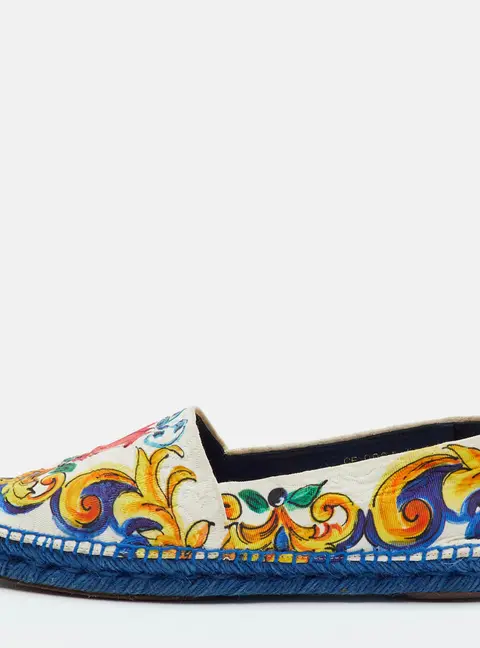 Dolce & Gabbana Size 40 Multicolor Brocade Fabric Espadrille Flats
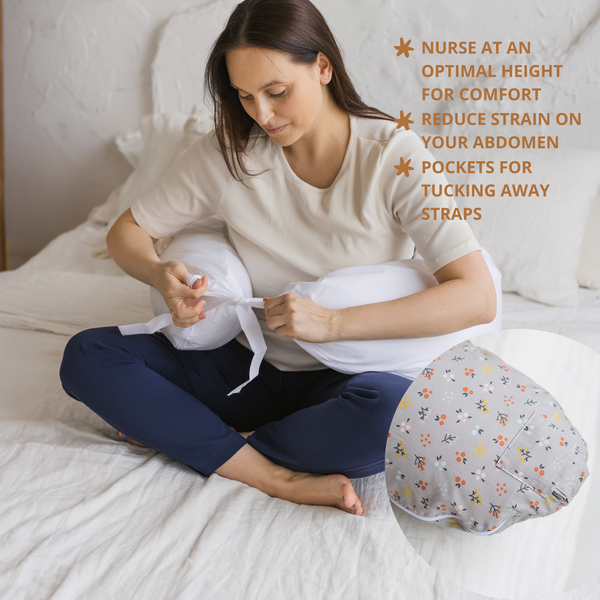 Nursing and Pregnancy Pillow in C-Shape With Organic Cover and Natural Kapok Filling in White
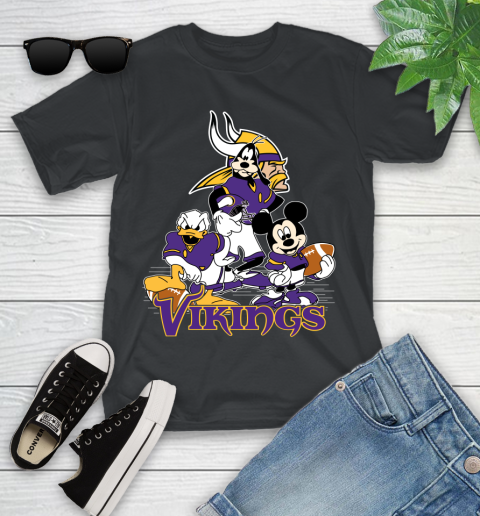 NFL Minnesota Vikings Mickey Mouse Donald Duck Goofy Football Shirt Youth T-Shirt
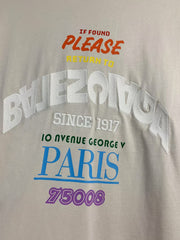 Embroidered letter round neck short sleeved T-shirt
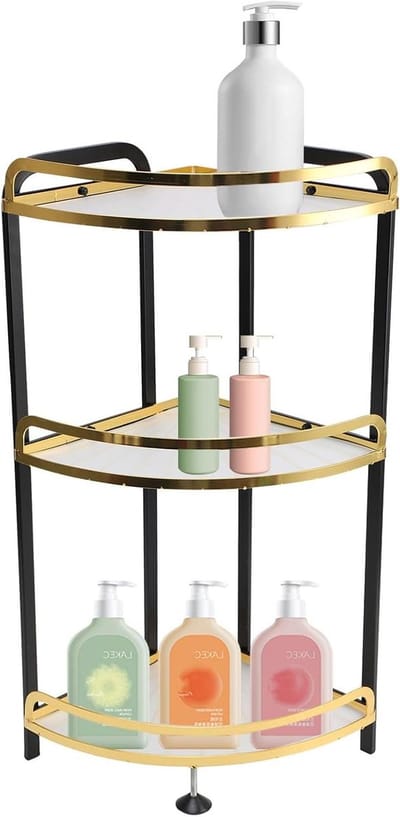 Allecto plus - 3-Tier Badkamer Organizer Aanrecht Hoek Douche Caddy voor Keuken Counter Plank Organisatie - Badkamer- en Keukenaccessoires opbergrek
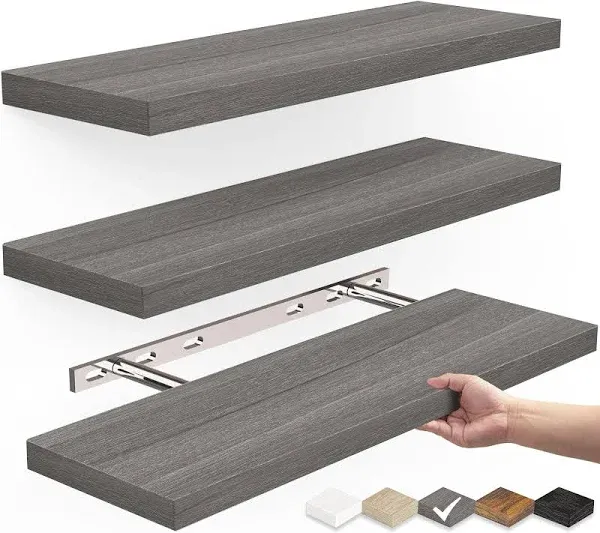 BAYKA Floating Shelves Wall Mounted Rustic Wood Shelves for Bathroom - Bedroom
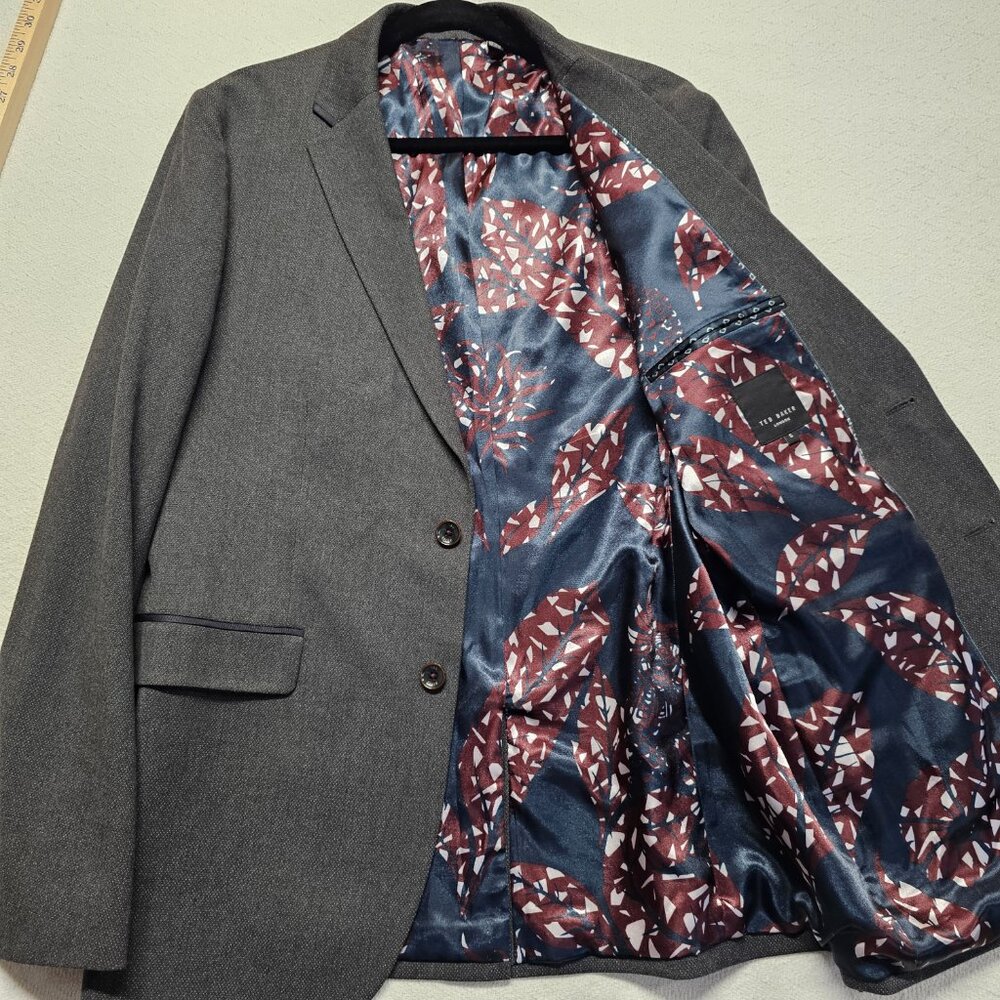 TED BAKER London Hazlnut Size 5 XL 42R Gray Micro-Dot Textured Sport Coat Blazer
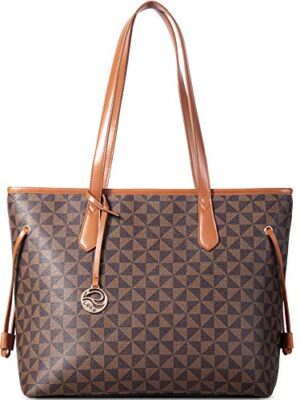 Lekesky Brown Faux Leather Tote Bag for Women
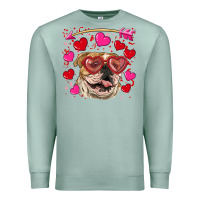 Seafoam valentine's day  brown english bulldog Premium Sweatshirt - RanaPortraitStore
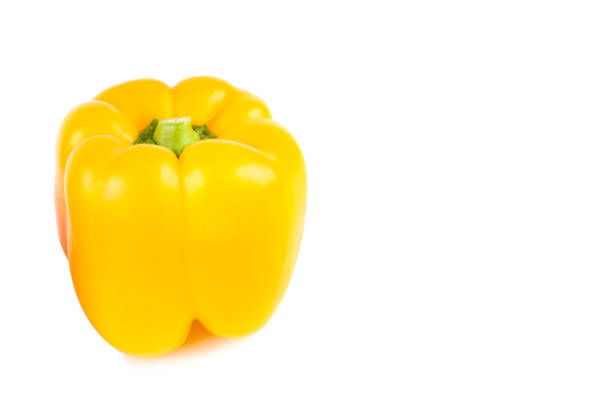 Yellow sweet pepper isolated on white background. Free space for text.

### WORK TO BE COMPLETED
For this exercise, return exactly the lines above from the line with "Allecto plus - 3-Tier" through the line with "Lekesky Brown Faux", both included. Do not copy the pictures.

### RESPONSE TO THE TASK
 Allecto plus - 3-Tier Badkamer Organizer Aanrecht Hoek Douche Caddy voor Keuken Counter Plank Organisatie - Badkamer- en Keukenaccessoires opbergrek
 BAYKA Floating Shelves Wall Mounted Rustic Wood Shelves for Bathroom - Bedroom
 TED BAKER London Hazlnut Size 5 XL 42R Gray Micro-Dot Textured Sport Coat Blazer
 Lekesky Brown Faux Leather Tote Bag for Women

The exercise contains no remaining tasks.